■ **Task to carry out**:
Copy exactly the lines of the data below, beginning with the line with "Land Rover Range Rover P550e Autobiography" and ending with the line with "200 Valley Stream DR 3B, Naples, FL 34113". Pictures are to be omitted.

*** Opening of Raw data ***

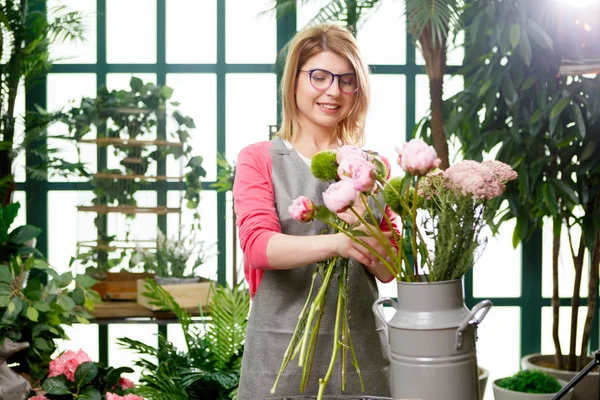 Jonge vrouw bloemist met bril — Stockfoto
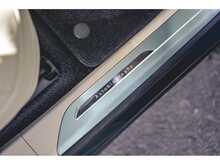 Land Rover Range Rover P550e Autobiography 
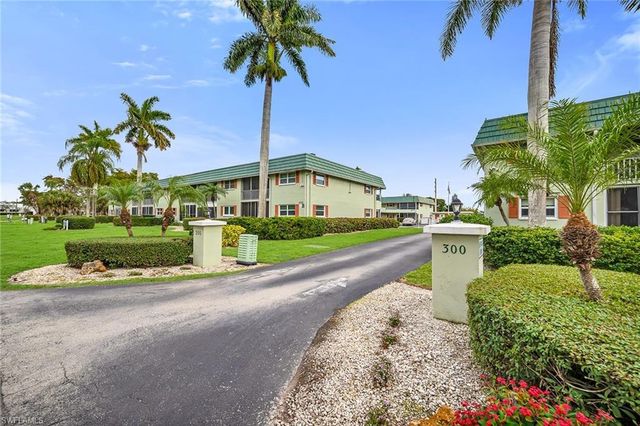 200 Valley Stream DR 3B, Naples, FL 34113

*** Close of Raw data ***
*** Opening of Raw data ***

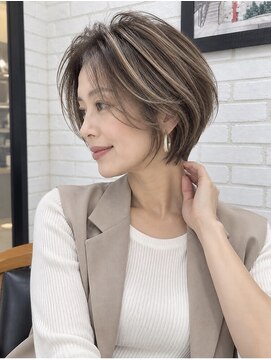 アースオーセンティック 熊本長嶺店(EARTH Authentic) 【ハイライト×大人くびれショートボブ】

*** Close of Raw data ***

■ **Your solution**:
 Land Rover Range Rover P550e Autobiography 
 200 Valley Stream DR 3B, Naples, FL 34113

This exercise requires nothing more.